Re: [Mailman-Developers] Google Summer of Code: Integration of Search Code
On Mar 28, 2012, at 10:29 AM, Stephen J. Turnbull wrote:
The only tricky issue is that we *do* have to worry about message-ID collisions of truly different messages and about messages without message IDs, especially for converted historical archives. So the API needs to be able to deal with these issues, probably by returning a set or sequence of messages.
Mailman 3 itself requires unique Message-IDs. IIRC, the Mail Archive guys found a very very low collision rate over millions of messages, and I think all such cases were basically spam.
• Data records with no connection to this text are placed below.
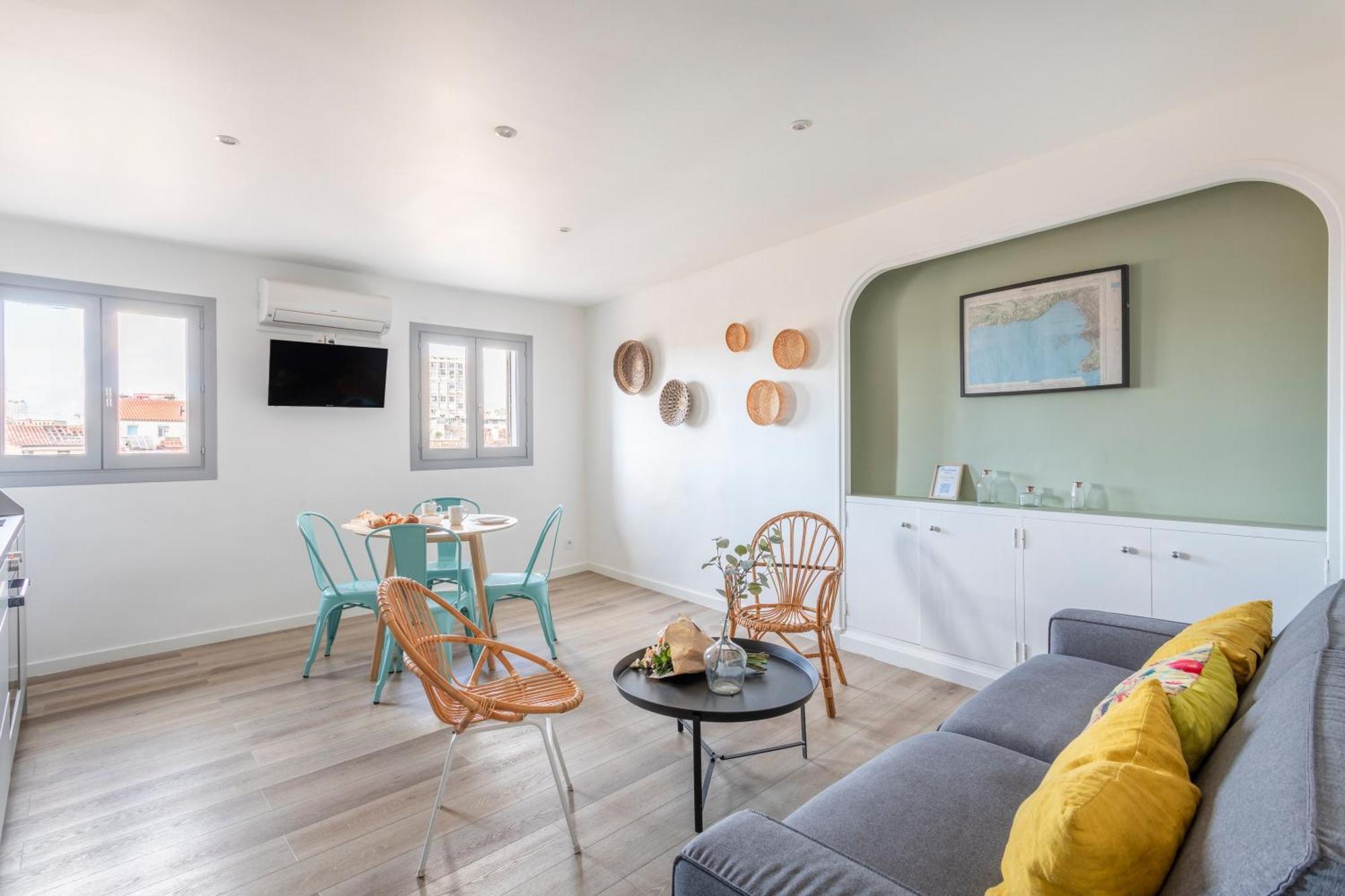 Les Cocons - 8 Appartements A 100M Du Vieux Port Marseille Eksteriør billede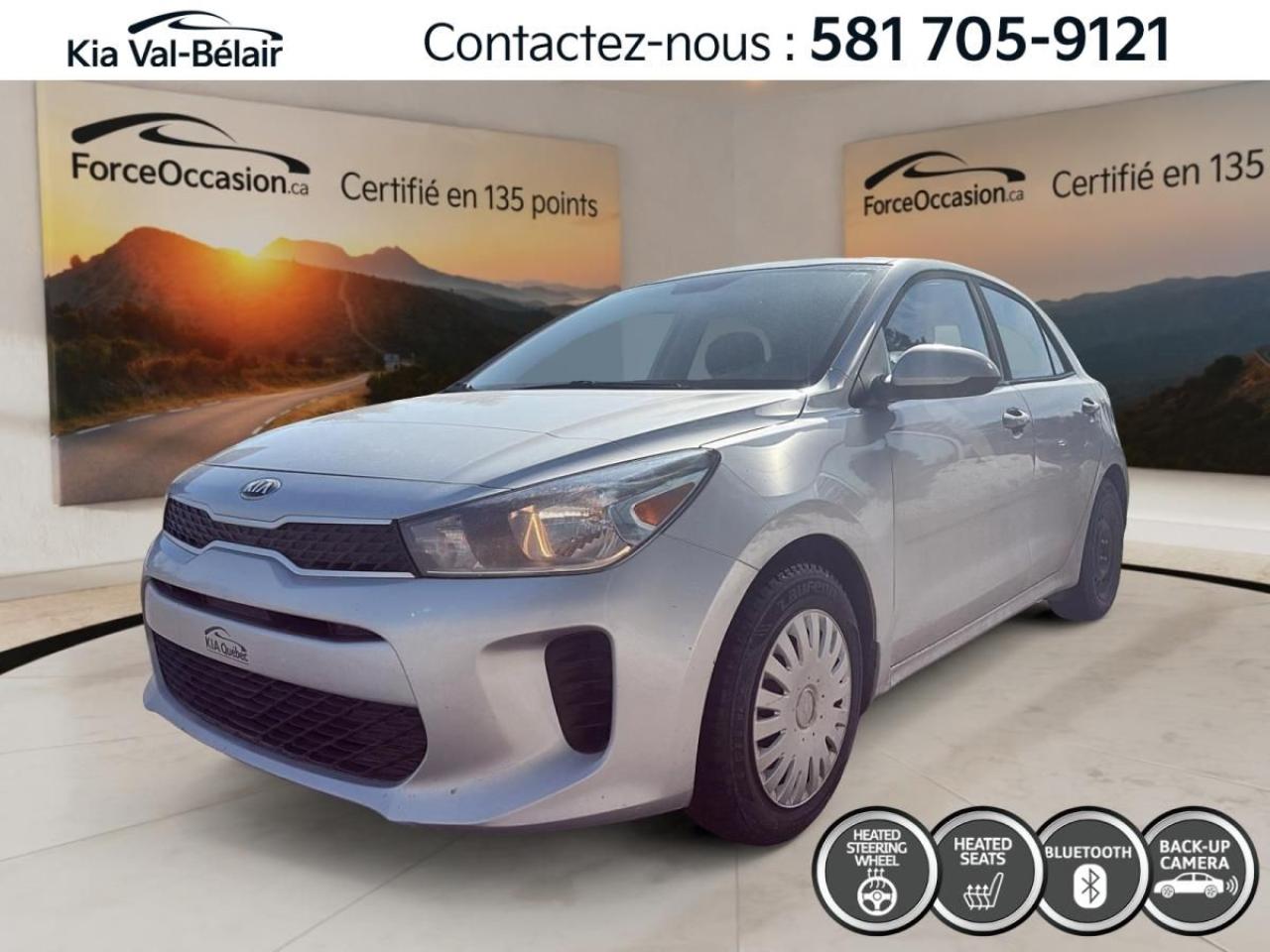 Used 2018 Kia Rio5 LX+ *CAMÉRA RECUL *SIÈGES CHAUFFANTS *CRUISE *A/C for sale in Québec, QC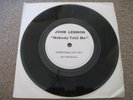 JOHN LENNON Nobody Told Me  1984 POLYDOR     White Label Promo  NEAR MINT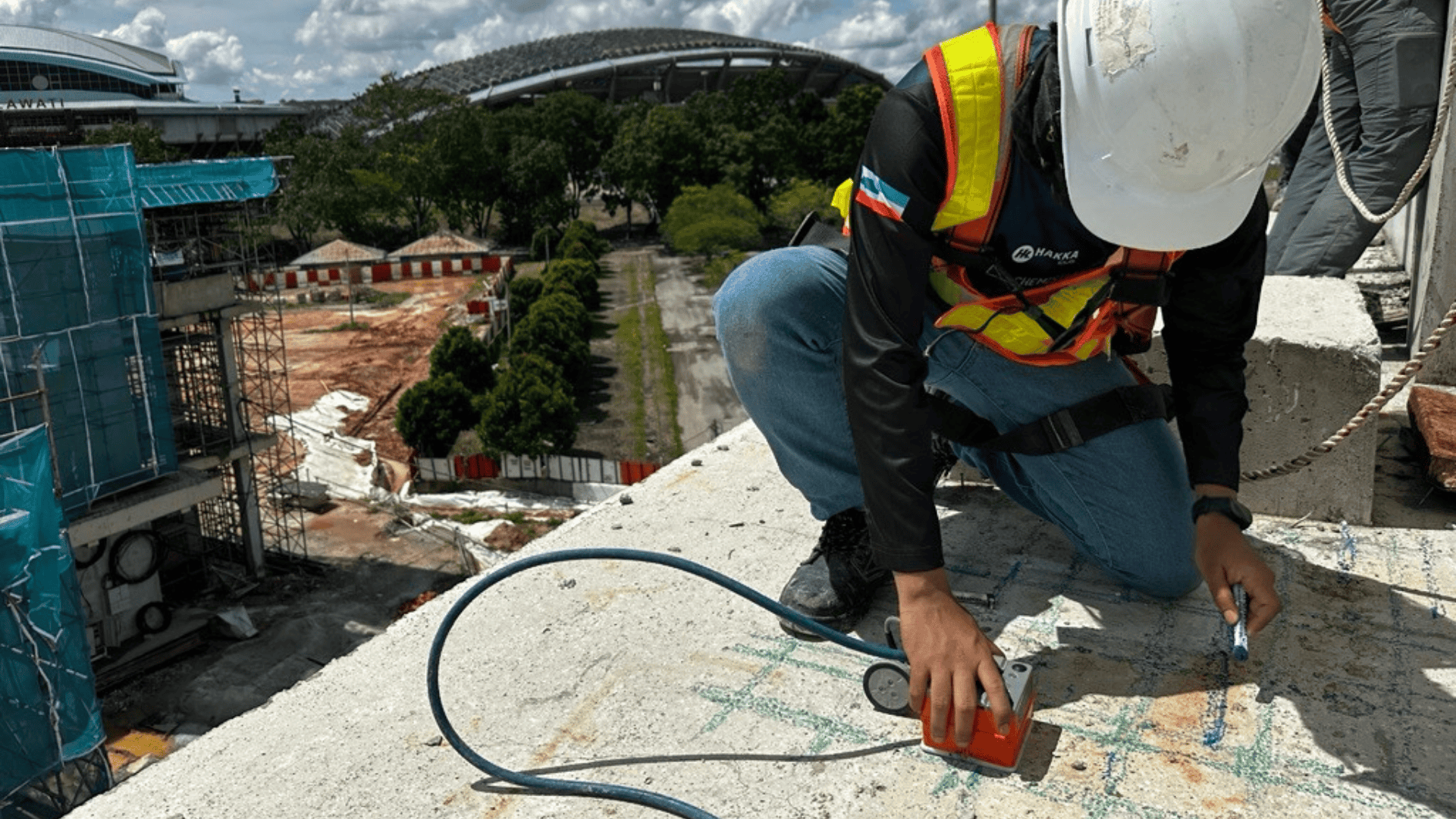 Sonicon Construction Xradar Concrete Scanning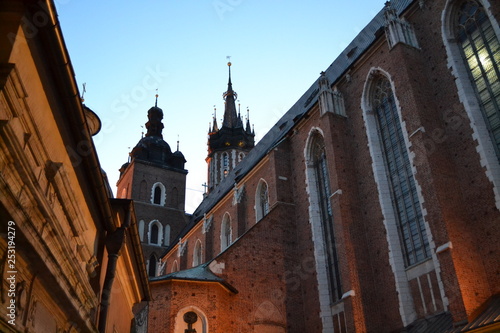 Saint Mary's asilica Poland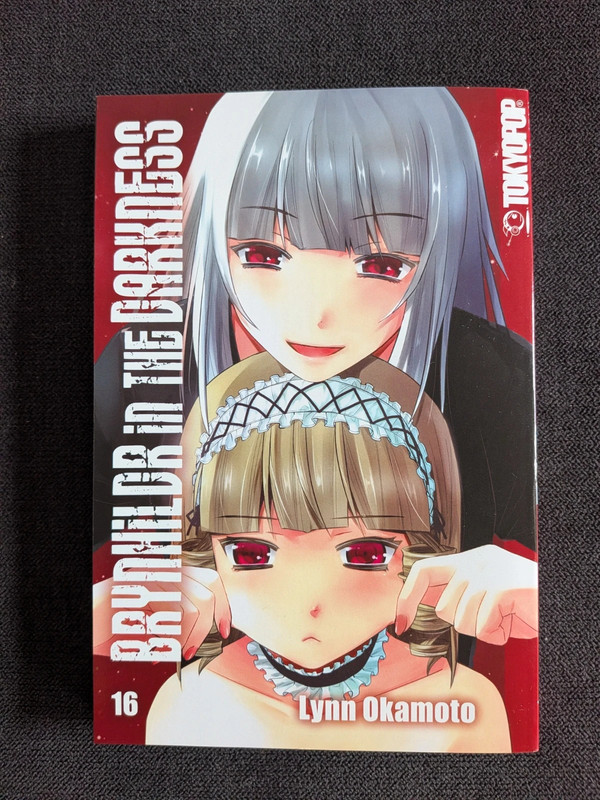 Brynhildr in the darkness Manga Band 16 inkl. Charakterkarte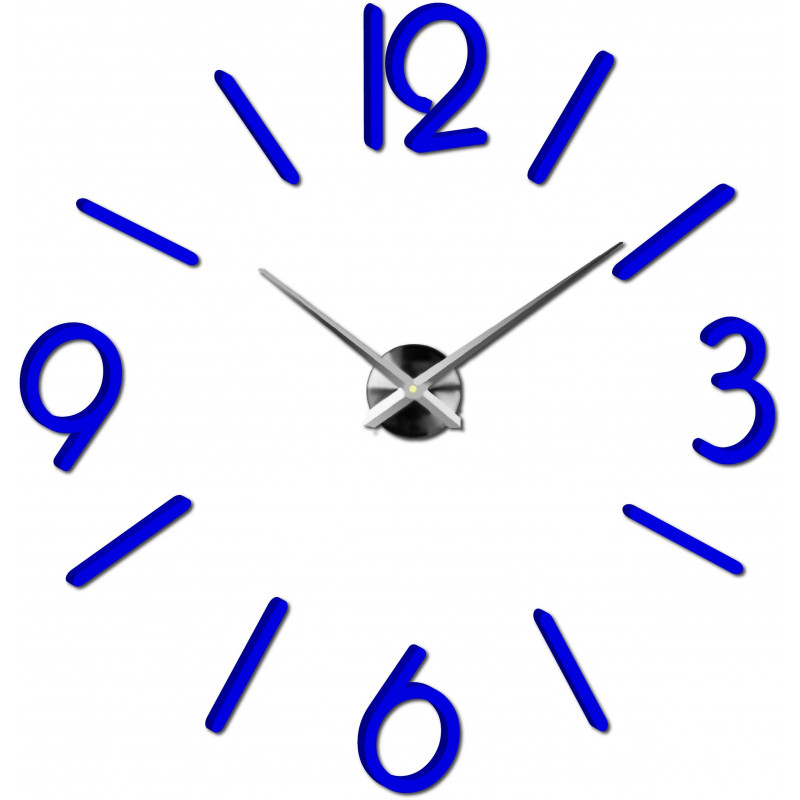 Nalepovacie nástenné hodiny,luxusné hodiny na stentu,plastové hodiny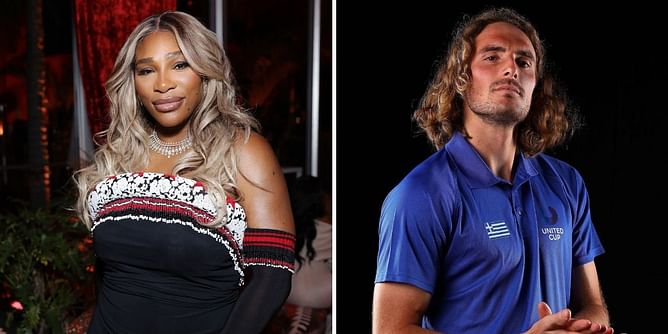 WATCH: Serena Williams surprised by Stefanos Tsitsipas as Greek joins American legend's livestream in unexpected encounter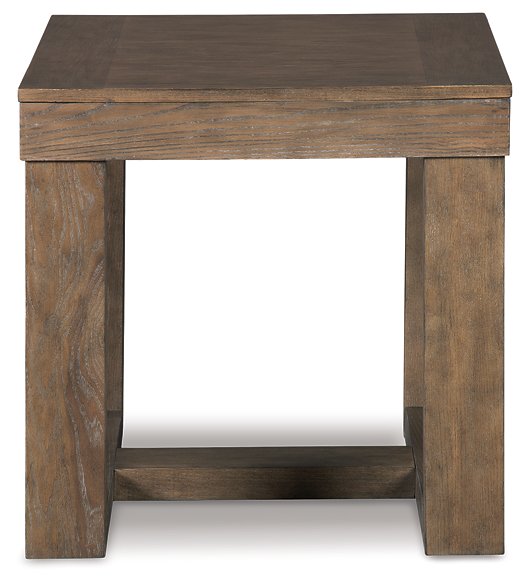 Cariton End Table Fashion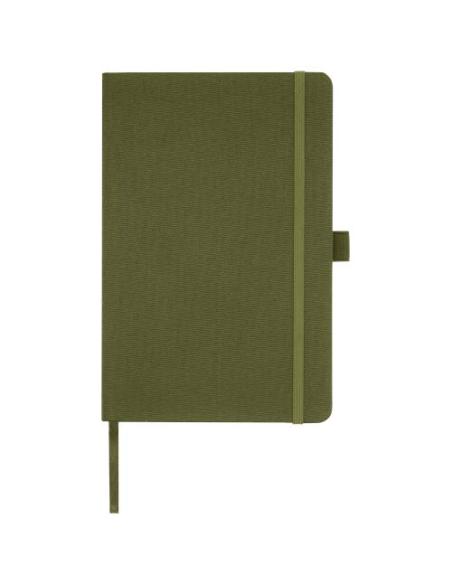 Libreta de papel reciclado A5 con tapa de PET reciclado N46367701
The LMTP runner doesn't yet reject duplicates, but it should (LP: #967951).
s>I would guess she'll probably store messages in YY-MM/MSGID, or as git does
in "unpacked" XX/YYYYYYYY... format, where XX are the first two digits of the hash ID, and YY... are the remaining ones). But it could easily be backed by an IMAP store or something more specialized; we don't really care as long as it's object-ID-addressable.
Don't forget too that the LMTP runner automatically adds the X-Message-ID-Hash header, which is a Base32 encoding of the SHA1 hash of the Message-ID contents (without the angle brackets). This hash could be used as well.
-Barry
On Thu, Mar 29, 2012 at 8:07 AM, Barry Warsaw <barry@list.org> wrote:
Mailman 3 itself requires unique Message-IDs.
So? FWIW, I don't think I agree with that requirement (even RFC 5322 doesn't make it a "MUST"), but I'm not going to argue with you about Mailman 3 design, that's your pidgin. But there's nothing particularly Mailman-3-dependent about archiver web UIs, though. I don't see any reason why the front end shouldn't be used on my several gigs of personal archives going back to about 1980, eg, or as a poor man's webmail.
IIRC, the Mail Archive guys found a very very low collision rate over millions of messages, and I think all such cases were basically spam.
Sure, but XEmacs archives go back to at least 1994. mailarchive.com is a more recent phenomenon. In the early days of Linux/*BSD diffusion, there were lots of buggy MUAs/very simple MTAs out there.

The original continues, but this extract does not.